Outro estudo, desta vez conduzido pelo INE, com base nos dados dos Censos de 2021, apurou que entre 2011 e 2021 foram construídos cerca de 111 mil edifícios, o que corresponde a 3,1% do parque habitacional em Portugal. Este valor é bastante inferior quando comparado com décadas anteriores, em que “as taxas de variação foram sempre superiores a 10% para os edifícios”.

Dados mais recentes lançados pelo INE revelam que, entre janeiro e setembro do ano passado, só se construiu uma casa por cada nove vendidas. Na área metropolitana de Lisboa este problema é ainda mais agudo, tendo sido vendidas 12 casas por cada uma construída. A nova estratégia de incentivo à construção é impercetível. Sabe-se apenas que será disponibilizada uma linha de financiamento de 250 milhões de euros para construção ou reabilitação de habitações e mais 150 milhões para os municípios poderem realizar obras coercivas.

No que concerne aos Alojamentos Locais, será suspensa a cedência de novas licenças fora de territórios do interior do país, assim como será concedido um incentivo à mudança das casas de AL para arrendamento. Se os proprietários decidirem retirar as suas casas do AL até ao final de 2024 e as colocarem posteriormente para arrendamento habitacional, poderão receber uma isenção de IRS ou IRC sobre as suas rendas até ao final de 2029. Para além disso, poderão também celebrar o facto de passarem a não estar sujeitos a quaisquer tetos nos valores da renda que pretendiam aplicar. Ademais, os condomínios poderão opor-se aos alojamentos locais e haverá uma reapreciação dos registos de alojamento local. A caducidade de registos de AL não é aplicável à exploração de unidades de alojamento local em residência própria e permanente, desde que esta exploração não ultrapasse os 120 dias anuais.

A acrescentar a esta medida que fez comichão à direita, temos a cereja no topo do bolo: o adeus aos vistos gold. Não serão admitidos novos pedidos de concessão de autorizações de residência para investimento em habitação, mas a possibilidade de renovação dos vistos já concedidos não será afetada.

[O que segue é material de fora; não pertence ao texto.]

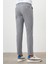 Erkek Lacivert Pamuk Keten Trend Ipli Jogger Slim Fit Spor Pantolon 4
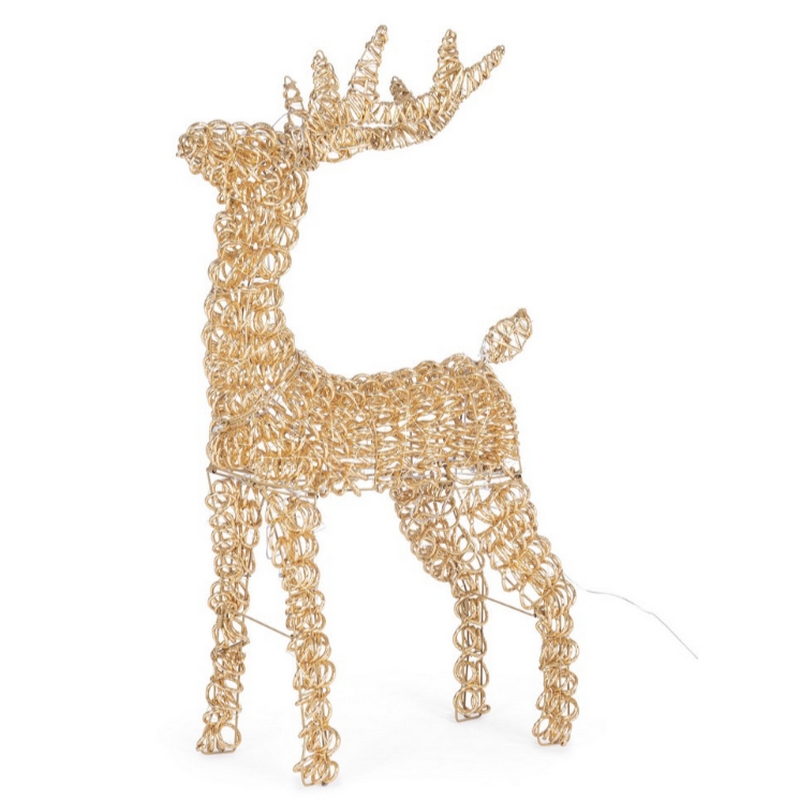 Renna luminosa di Natale con 600 led e alta 80 cm, perfetta come decorazione di Natale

A nível fiscal, o programa Mais Habitação prevê a redução de 28% para 25% da taxa especial de IRS sobre as rendas e o reforço da redução da taxa de imposto para os contratos de maior duração. Prevê, também, benefícios fiscais para obras de casas do arrendamento acessível e incentivos ao arrendamento habitacional a custos acessíveis e à venda de imóveis ao Estado. Costa destaca, ainda, a bonificação dos juros sempre que a prestação da casa exceder os 35% da capacidade de esforço de pessoas com rendimentos até 2700 euros mensais.

A eficácia destas medidas é questionável. Não necessariamente pelo conteúdo das mesmas, mas antes pela reação tardia do Governo, que pondera demoradamente sobre assuntos que exigem uma resposta imediata. Tal como os sociais-democratas notaram, a gravidade da situação atual podia ter sido atenuada caso a votação da proposta que apresentaram em fevereiro para reduzir a taxa de juro e aliviar a prestação do crédito à habitação não tivesse sido empurrada para outubro pelo Partido Socialista, juntamente com as restantes propostas da oposição.

O cenário do país é enredado: para cada lado que olhamos encontramos um setor que não funciona. Veremos se o Dr. António Costa é um visionário, ou se não deveria ter ignorado a oposição, que se demonstrou bastante cética relativamente ao funcionamento destas medidas. Aos portugueses pede-se paciência. Estas medidas tanto têm de “poderosas” como de vagarosas. Já sabem que se as políticas começarem pelo telhado, isto dá para o torto.